Sons of Hollywood tells the true story of the lives of three silent screen actors- Joan Crawford (née Lucille LeSueur), Billy Haines and Ramon Novarro. We start out as Ramon Novarro’s star is on the rise, the year that the silent film Ben Hur is released. He was a relatively unknown actor at the time, suddenly thrust into the spotlight. He is befriended by Billy Haines, a major name in Hollywood, and Lucille LeSueur, an A-list actress who later changes her name to Joan Crawford. This somewhat motley crew navigates Hollywood, lifestyle choices, and looming societal and film industry restrictions that expose the chasm between personal and professional lives.
The crux of the play comes when the Motion Picture Production Code is formalized. This code was foreshadowed when the Supreme Court ruled in 1915 that free speech did not extend to motion pictures. With the advent of “talkie films,” individual state censorship boards started popping up. In 1927, the MPPDA (Motion Picture Producers and Distributors of America) collaborated on a list of “Don’ts and Be Carefuls,” stemming from the issues brought up by individual state censor boards. In 1930, studios agreed to abide by the Code, and in 1934 it was strictly enforced. This code included stipulations against sexual perversion (under which homosexuality fell, according to their definition) as well as miscegenation, which is sexual relationships between black and white races.

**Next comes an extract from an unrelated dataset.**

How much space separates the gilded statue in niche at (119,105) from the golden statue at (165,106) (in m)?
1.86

Love or money. Living an authentic life in the open or conforming to the ideals of others. Owning your truth or living a lie. Fame or shame. These are decisions that many people make, and have a profound effect on where the path they decide to take delivers them. Each main character in Sons of Hollywood makes a choice in this vein, and is faced with the aftermath of their decision.
One man chooses love and authenticity over fame and continued work in an industry he loves. He was openly gay prior to the Code being enforced, and continued to live life according to his values. The other was internally and externally conflicted about his sexuality, and tried to conform, ending up unhappy and nostalgic for the good old days. Although Joan didn’t have to make a decision about her own orientation, she did thumb her nose at the rules and remain close to those she loved.
Windy City Playhouse, as you probably have guessed, is my absolute favorite theater company in Chicago. From their deep, meaningful exploration of complex themes to their artistic capabilities that completely immerse audiences in the show, they are the perfect combination of depth and entertainment. After a pandemic-driven hiatus, the Irving Park location is back. The lobby is an ideal venue for a pre-show cocktail (I had Ramon’s Seduction- a sweet champagne cocktail with bitters). Their attention to detail and creating an atmosphere that allows you to get lost in the story is unparalleled.
With a tidy cast, multiple actors play numerous parts, stretching their range of talent by seamlessly transitioning into distinctly different personalities and proclivities. The beauty of the intimate nature of the theater is that the cast comes out after the show. Their partners, friends and family wait for them in the lobby, bearing flowers, hugs and words of encouragement. People gather around the family room-style seating, warming themselves by the fire and grabbing popcorn from the bar. Every aspect is approachable yet sophisticated- from the cocktails to the seating to the staff. It is a true asset for the city of Chicago, and I can’t recommend Sons of Hollywood enough!
Cheers to the re-emergence of performance art, and kicking it off with an absolute bang!
Disclosure: I was provided with complimentary tickets for review purposes. All opinions are honest and my own as always.